Hoeveel lidwoorden staan hierboven?
A
1
B
2
C
3
D
er staan geen lidwoorden in.
Slide 39 - Quiz
De bingojuffen hebben mooie prijzen geregeld. De bingokaarten zijn daarom al heel snel uitverkocht. Bingo is populair bij de leerlingen.
hoeveel werkwoorden staan in de zin hierboven?
A
3
B
4
C
5
D
6
Slide 40 - Quiz
Er is een DJ aanwezig die vette platen draait. Daarvoor is een speciale disco ingericht. Je mag ook gewoon chillen en niets doen.

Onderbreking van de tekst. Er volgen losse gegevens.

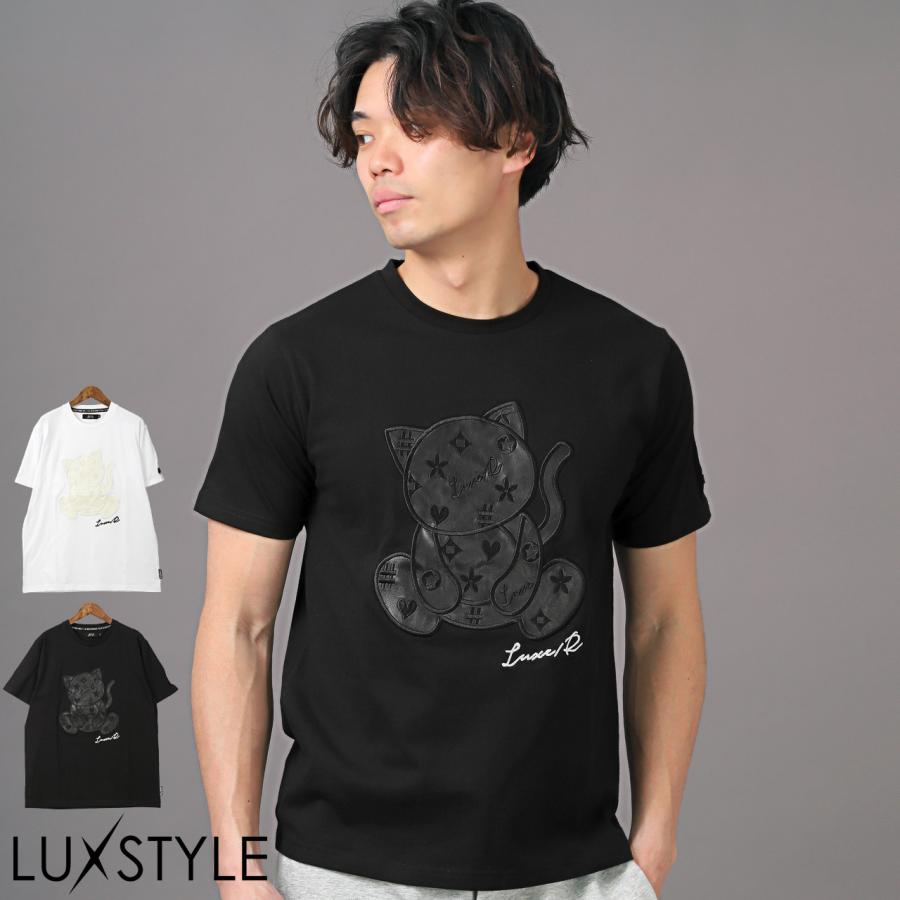 Tシャツ メンズ 半袖 PUレザー 合皮 ワッペン アップリケ 猫 ねこ ネコ カットソー 白 黒｜lux-style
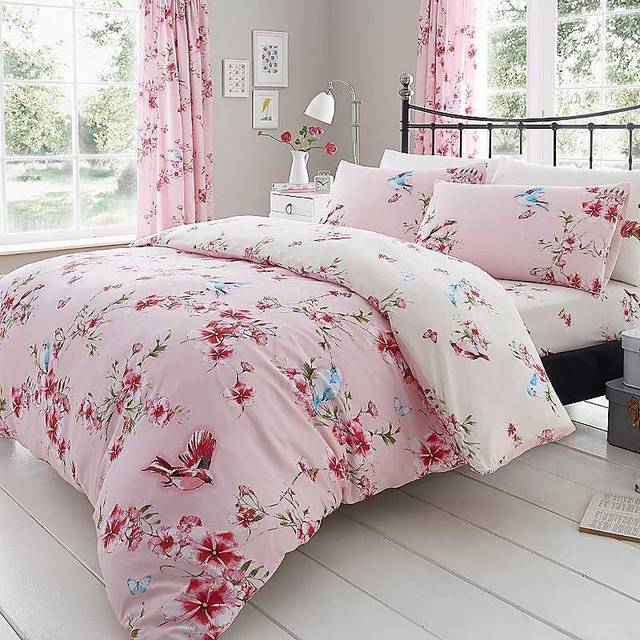 Birdie Blossom 144 TC Modern & Contemporary Duvet Cover Set - Pink (King Duvet Cover + 2 Standard Pillowcases)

Lekker een beetje kletsen met iedereen. Tijdens het gala mag dat gerust.
Hoeveel voorzetsels staan in de zin hierboven?
A
1
B
2
C
3
D
4
Slide 41 - Quiz
De meeste leerlingen vinden het gala erg leuk. De volgende dag ben je het eerste uur vrij.

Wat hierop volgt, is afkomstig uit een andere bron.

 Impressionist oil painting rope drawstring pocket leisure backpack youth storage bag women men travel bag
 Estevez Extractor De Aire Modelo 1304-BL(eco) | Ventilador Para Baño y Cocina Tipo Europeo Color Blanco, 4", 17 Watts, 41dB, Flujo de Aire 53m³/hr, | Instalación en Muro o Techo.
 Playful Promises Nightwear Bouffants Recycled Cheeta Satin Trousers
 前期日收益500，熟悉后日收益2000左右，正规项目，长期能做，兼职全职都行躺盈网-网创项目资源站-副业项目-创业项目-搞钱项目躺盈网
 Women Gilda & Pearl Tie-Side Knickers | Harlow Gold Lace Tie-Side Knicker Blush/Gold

Noteer de zelfstandige naamwoorden
Slide 42 - Open question
De medewerkers van de snelle helikopter werken vreselijk hard. Het is zwaar werk en je moet heel nauwkeurig werken.
Noteer de bijvoeglijke naamwoorden.
Slide 43 - Open question
Als er een telefoontje binnenkomt, hangt het hulpteam binnen twee minuten in de lucht.
Noteer de voorzetsels
Slide 44 - Open question
Noteer de persoonlijke voornaamwoorden:
Zij geeft de kaarten aan ons.
Slide 45 - Open question
Noteer de persoonlijke voornaamwoorden:
Het gebeurt mij en hem niet nog eens.
Slide 46 - Open question
noteer de persoonlijke voornaamwoorden: Ik heb hun mijn emailadres gegeven.
Slide 47 - Open question
Noteer de bezittelijke voornaamwoorden: Mijn telefoon is kwijt, mag ik de jouwe lenen?
Slide 48 - Open question
Noteer de bezittelijke en persoonlijke voornaamwoorden:
De docent helpt ons met ons huiswerk.
Slide 49 - Open question
Noteer de bezittelijke voornaamwoorden: Mijn telefoon is kwijt, mag ik de jouwe lenen?